## Exercise requirements
Two lines below mark the span: the one containing "Ford Mondeo" and the one containing "Own The Running Shirt Men-Dark Green". Set down both, plus every line between, exactly as they stand, and nothing else.
##############################
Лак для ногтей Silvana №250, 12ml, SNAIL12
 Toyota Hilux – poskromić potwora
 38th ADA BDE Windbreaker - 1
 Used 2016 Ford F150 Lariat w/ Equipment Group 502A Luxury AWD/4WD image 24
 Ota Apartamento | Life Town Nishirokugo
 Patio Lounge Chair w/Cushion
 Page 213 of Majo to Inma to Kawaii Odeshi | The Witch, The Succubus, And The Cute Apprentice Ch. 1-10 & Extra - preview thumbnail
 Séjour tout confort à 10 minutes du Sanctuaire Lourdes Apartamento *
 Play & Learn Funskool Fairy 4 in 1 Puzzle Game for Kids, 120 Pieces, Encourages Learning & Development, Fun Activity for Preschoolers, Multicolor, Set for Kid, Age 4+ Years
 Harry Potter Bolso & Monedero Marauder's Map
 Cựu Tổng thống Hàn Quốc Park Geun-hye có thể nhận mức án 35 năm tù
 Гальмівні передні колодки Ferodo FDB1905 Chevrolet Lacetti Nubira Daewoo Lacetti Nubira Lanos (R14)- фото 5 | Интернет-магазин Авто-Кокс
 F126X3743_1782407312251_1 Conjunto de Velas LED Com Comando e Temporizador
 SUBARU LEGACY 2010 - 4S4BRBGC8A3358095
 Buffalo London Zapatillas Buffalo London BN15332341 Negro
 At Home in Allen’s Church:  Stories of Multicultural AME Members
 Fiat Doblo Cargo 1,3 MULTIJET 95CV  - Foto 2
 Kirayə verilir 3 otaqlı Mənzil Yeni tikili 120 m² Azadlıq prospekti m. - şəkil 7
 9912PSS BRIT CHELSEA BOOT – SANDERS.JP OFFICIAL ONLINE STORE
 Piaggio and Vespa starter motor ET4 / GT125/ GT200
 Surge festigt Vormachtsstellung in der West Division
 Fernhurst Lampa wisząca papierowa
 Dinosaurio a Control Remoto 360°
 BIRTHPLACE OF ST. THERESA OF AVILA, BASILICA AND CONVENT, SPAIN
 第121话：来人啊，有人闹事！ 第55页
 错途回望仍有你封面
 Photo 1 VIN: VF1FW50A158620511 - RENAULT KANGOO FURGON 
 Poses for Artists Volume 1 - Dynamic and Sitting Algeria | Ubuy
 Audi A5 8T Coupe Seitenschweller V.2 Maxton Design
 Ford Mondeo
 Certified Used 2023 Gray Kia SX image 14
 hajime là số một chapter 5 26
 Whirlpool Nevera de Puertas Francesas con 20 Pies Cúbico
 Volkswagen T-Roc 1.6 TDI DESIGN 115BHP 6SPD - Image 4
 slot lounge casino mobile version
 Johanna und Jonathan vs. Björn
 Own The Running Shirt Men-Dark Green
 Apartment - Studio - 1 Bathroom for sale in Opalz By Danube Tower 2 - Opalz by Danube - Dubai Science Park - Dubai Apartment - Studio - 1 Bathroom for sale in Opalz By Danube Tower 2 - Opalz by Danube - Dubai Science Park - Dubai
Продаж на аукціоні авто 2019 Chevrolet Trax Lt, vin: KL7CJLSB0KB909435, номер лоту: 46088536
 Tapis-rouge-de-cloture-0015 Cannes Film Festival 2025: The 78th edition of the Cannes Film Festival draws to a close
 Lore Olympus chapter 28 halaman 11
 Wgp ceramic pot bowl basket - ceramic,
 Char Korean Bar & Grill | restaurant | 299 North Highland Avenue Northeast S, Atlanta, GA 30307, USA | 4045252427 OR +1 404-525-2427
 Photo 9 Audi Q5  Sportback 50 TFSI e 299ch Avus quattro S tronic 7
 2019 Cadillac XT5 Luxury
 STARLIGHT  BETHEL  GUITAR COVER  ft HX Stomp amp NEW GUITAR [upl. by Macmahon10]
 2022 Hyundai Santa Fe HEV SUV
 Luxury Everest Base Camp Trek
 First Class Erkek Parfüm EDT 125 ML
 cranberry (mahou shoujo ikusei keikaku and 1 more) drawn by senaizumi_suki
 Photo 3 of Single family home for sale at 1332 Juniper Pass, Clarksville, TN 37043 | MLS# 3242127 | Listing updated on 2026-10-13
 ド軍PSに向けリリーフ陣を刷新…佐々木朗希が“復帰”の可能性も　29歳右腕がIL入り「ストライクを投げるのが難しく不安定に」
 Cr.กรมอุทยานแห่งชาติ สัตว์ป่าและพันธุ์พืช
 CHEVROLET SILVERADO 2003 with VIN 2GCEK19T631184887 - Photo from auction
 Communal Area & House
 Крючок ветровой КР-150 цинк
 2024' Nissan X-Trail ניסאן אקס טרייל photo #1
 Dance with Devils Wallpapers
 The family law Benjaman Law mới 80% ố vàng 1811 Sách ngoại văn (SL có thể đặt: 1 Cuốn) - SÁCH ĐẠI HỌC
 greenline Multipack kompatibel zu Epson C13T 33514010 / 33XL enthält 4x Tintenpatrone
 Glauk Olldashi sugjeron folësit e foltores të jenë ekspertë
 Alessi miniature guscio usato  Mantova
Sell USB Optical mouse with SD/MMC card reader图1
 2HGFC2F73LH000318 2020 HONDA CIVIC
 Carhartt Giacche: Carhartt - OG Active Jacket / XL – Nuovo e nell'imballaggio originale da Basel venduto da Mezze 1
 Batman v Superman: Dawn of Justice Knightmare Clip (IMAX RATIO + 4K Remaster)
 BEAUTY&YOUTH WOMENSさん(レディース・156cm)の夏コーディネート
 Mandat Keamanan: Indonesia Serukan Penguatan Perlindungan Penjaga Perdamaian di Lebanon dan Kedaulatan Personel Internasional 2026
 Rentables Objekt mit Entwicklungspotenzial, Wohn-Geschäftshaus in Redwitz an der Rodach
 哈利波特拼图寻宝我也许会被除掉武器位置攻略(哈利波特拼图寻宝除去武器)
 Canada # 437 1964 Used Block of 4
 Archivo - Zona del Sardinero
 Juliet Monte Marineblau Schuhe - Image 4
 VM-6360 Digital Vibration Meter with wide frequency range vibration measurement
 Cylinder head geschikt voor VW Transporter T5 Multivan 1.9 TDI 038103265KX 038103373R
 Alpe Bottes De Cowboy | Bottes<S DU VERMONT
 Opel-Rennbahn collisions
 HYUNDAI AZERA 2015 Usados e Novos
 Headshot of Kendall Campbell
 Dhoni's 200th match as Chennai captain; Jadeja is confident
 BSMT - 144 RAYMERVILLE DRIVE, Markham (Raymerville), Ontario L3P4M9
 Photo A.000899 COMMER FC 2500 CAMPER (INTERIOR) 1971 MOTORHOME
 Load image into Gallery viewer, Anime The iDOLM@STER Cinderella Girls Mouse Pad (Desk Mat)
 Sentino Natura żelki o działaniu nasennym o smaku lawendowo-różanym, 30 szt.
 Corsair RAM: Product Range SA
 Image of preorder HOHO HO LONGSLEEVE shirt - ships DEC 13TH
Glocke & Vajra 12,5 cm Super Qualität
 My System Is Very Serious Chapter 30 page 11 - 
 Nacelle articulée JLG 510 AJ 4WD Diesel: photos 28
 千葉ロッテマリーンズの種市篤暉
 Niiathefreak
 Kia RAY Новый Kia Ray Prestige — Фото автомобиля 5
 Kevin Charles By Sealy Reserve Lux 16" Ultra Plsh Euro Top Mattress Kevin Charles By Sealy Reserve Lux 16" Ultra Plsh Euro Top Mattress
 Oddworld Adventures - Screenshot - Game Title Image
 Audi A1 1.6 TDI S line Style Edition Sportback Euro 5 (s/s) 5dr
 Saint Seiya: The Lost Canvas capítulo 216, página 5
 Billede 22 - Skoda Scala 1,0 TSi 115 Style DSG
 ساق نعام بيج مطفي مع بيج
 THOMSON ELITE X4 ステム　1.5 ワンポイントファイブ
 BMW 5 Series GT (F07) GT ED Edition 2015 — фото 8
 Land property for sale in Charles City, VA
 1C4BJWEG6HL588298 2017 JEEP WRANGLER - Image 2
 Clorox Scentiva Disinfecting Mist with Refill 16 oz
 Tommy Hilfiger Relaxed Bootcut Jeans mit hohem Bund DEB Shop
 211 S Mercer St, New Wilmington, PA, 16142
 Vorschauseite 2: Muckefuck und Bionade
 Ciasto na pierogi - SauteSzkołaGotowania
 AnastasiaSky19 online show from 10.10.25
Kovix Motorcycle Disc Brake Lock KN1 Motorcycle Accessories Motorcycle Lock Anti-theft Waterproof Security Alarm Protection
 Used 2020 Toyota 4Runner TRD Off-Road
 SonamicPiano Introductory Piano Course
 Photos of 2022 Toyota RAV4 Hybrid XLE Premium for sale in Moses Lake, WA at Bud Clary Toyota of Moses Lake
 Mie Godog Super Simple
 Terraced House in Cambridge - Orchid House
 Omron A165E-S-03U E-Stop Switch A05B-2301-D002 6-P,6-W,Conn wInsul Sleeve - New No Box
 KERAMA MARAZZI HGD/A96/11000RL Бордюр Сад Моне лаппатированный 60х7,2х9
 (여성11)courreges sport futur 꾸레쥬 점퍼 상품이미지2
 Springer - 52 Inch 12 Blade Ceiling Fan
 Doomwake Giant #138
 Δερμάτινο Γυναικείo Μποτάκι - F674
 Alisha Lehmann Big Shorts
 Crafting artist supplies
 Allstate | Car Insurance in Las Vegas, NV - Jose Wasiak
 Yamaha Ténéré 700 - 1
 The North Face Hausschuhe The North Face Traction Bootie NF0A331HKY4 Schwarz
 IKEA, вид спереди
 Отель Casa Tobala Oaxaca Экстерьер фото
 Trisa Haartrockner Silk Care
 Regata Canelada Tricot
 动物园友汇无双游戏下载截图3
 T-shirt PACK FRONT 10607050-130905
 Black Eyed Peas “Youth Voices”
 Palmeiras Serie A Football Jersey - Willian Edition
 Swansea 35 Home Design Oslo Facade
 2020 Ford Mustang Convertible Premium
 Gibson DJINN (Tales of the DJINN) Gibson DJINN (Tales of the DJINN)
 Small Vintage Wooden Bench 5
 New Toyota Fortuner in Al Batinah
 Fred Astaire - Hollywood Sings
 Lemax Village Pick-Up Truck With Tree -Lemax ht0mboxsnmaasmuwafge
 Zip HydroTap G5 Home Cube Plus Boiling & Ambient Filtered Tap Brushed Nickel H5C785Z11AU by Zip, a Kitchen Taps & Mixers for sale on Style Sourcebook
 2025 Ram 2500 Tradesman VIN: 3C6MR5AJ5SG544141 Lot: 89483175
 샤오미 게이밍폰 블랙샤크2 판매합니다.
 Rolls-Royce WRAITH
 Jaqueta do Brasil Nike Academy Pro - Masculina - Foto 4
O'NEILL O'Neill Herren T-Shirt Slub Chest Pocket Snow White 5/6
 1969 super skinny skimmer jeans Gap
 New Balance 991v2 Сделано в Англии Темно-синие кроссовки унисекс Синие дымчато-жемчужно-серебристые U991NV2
##############################
## Written answer
 Ford Mondeo
 Certified Used 2023 Gray Kia SX image 14
 hajime là số một chapter 5 26
 Whirlpool Nevera de Puertas Francesas con 20 Pies Cúbico
 Volkswagen T-Roc 1.6 TDI DESIGN 115BHP 6SPD - Image 4
 slot lounge casino mobile version
 Johanna und Jonathan vs. Björn
 Own The Running Shirt Men-Dark Green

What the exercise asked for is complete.